▸ Record set:
____________________

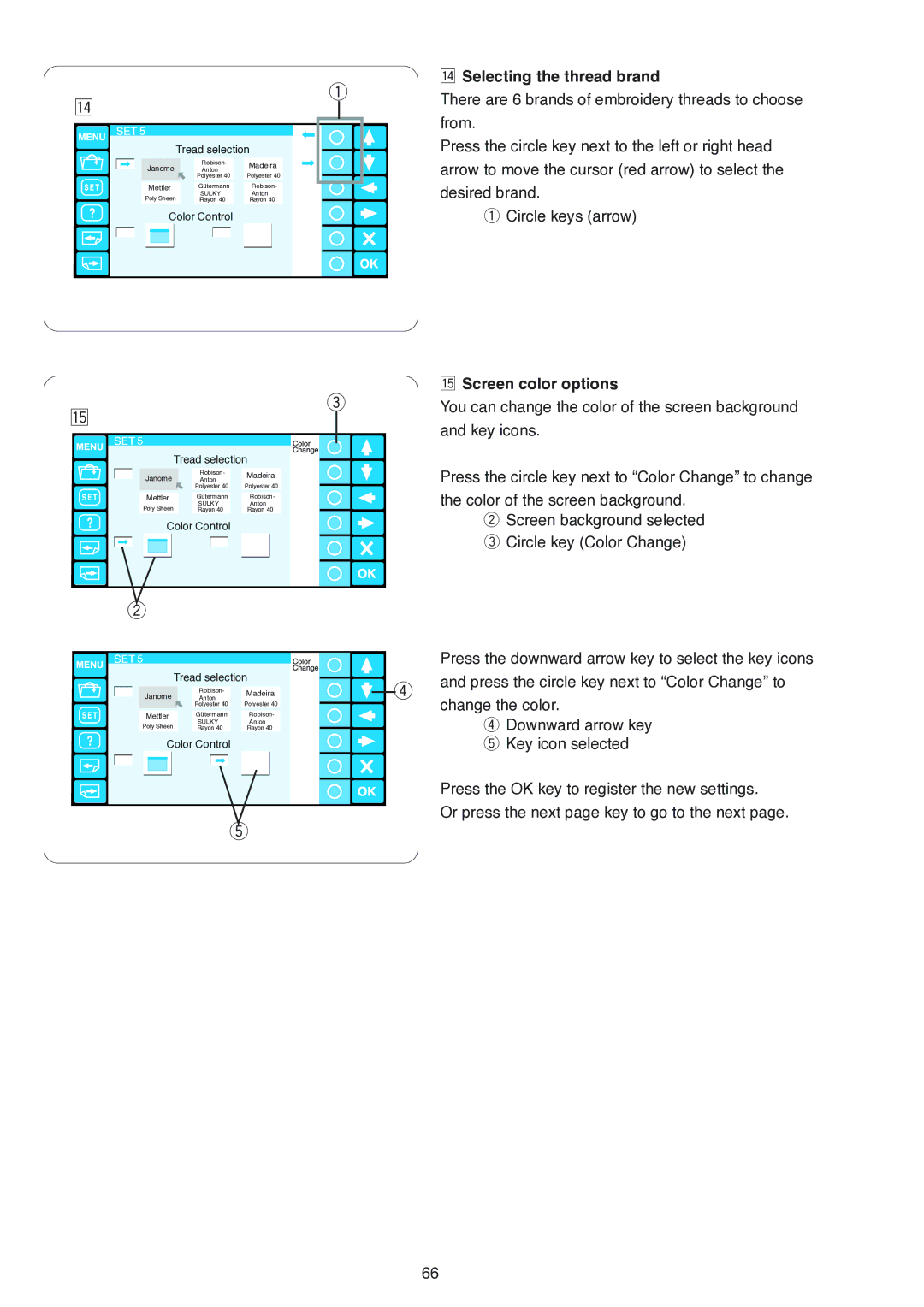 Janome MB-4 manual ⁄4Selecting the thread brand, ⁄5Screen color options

____________________

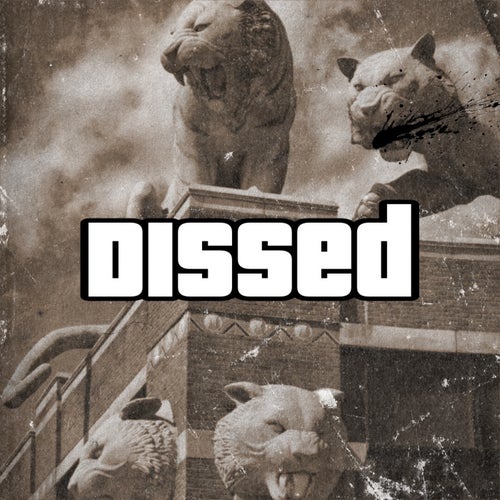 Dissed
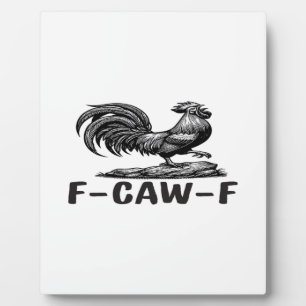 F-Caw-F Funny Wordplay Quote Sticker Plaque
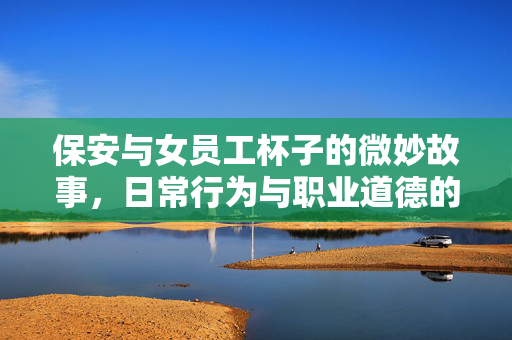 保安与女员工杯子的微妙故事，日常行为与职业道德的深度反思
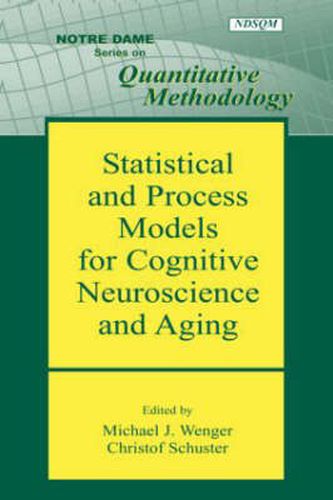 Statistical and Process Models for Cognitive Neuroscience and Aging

____________________

▸ Prompt:
Only the lines of the listing above from the one with "保安与女员工杯子的微妙故事，日常行为与职业道德的深度反思" through the one with "Statistical and Process" should be output, exactly, with both ends kept and pictures left out.

▸ Finished task:
 保安与女员工杯子的微妙故事，日常行为与职业道德的深度反思
 Statistical and Process Models for Cognitive Neuroscience and Aging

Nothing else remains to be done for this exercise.